The Cocoa Organic Farmers Association (COFA), is advocating for an institutionalized quality and pricing standard for agricultural produce in Ghana. The group recommends that such standards could be developed by the Ghana Standards Authority for the entire value chain in the agric-sector, such that farmers and produce buyers could be guaranteed of greater satisfaction in their trade.
In furtherance of which, COFA suggests a Legislative instrument is developed and passed to regulate agricultural commodities standardization. Project Coordinator for COFA, Nana Kwame Gyamfi argues that such considerations could lend itself to the Cocoa and maize industry, as ‘a microcosm of Ghana’s agricultural landscape’.This call follows a study conducted by COFA to establish the impact of the absence of a legislative Instrument to guide agricultural commodities standardization using the cocoa and maize supply chain as a microcosm of Ghana’s agricultural landscape. It was aimed at evaluating the existing standards in the cocoa and maize markets in terms of measuring units, grading, and pricing and compare with standards set by Ghana Standards Authority. The study also considered supporting the identification of options for introducing developing a Legislative Instrument with a functional enforcement mechanism, to facilitate new standards in the marketing of maize.
Standards commonly used in Ghana
Findings from the study revealed that the commonest standards and or grades used for agricultural commodities in Ghana are mainly weights and volumes. In cocoa and maize marketing, the most commonly used standard is the weight.
Importance of Standardization
The Project Coordinator, Nana Kwame Gyamfi is of the opinion that in the wake of the increasing trade globalization, standards and grades play an essential role by defining the procedures and their effects especially in developing economies.
“Standards and grades serve as strategies for assuring quality and safety of marketers and consumers, niche definition, brand development and market penetration.” “Standardization and grading enable the producer to direct the goods of different qualities towards the market best suited to them. The task of middlemen becomes easy because they can communicate well the characteristics of standardized products to customers,” he added with reference to recent studies.
Mr. Gyamf noted that; “it helps to manage risks associated with human health from contaminants, pest residual and disease-causing organisms”.
Challenges in Enforcing Quality Standards
Nana Gyamfi noted that limited financial and technical capacity to implement food safety and laws or regulations in the case of Ghana, Liberia, and Malawi have been highlighted by the World Food Programme
Other challenges in the case of Ghana are the fragmentation of responsibilities to implement and enforce regulations and laws across different Ministries, Departments and Agencies (MDAs) leading to uncoordinated and ineffective implementation.
Quality Standards of Buyers
The study further identified that “most buyers rely on physical observation in purchases of the commodity without testing”. Challenges from purchasing from smallholders include distant farm locations.
In some instances, buyers were reluctant to contract with farmers to produce quality commodities at agreed prices because companies which purchase from the traders may incur losses if contract prices fall below the agreed prices which may lead to a cancellation of the contract. On the other hand, if prices elsewhere are higher than the agreed price, farmers may sell it there.
Challenges in Institutional Responsibilities in Quality and Standards Development
Nana Gyamfi further noted that poor coordination among the regulatory agencies is a major setback to agricultural commodities market standardization.

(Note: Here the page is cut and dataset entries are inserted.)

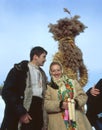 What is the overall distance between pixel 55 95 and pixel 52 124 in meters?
0.41

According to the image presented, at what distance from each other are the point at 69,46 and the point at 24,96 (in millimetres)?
4264

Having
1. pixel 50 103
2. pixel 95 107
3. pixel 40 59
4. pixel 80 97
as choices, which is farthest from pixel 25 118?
pixel 95 107

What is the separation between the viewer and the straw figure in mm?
10688

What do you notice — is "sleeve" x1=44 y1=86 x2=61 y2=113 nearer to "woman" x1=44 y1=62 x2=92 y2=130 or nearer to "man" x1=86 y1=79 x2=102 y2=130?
"woman" x1=44 y1=62 x2=92 y2=130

Whereas some Regulatory agencies belong to different Ministries and Departments which affect their ability to effectively harmonize implementation, approaches, and enforcement of regulations developed by GSA others are centralized with limited representation at the Metropolitan, Municipal, and District Assemblies.
In order to support the effective enforcement of standards, Nana Gyamfi has recommended the commitment of Government to support institutions effectively deliver on their regulatory mandate,
Nana Kwame Gyamfi has therefore called “not only education along the agricultural value chain but also a Legislative Instrument to enforce compliance and coordinate the activities of all institutions involved.”
The Project Coordinator expressed gratitude to the BUSAC Fund for their financial support to COFA to conduct the study as part of the activities needed to pursue evidence-based advocacy for “legislative Instrument (LI) to regulate agricultural commodities standardization”.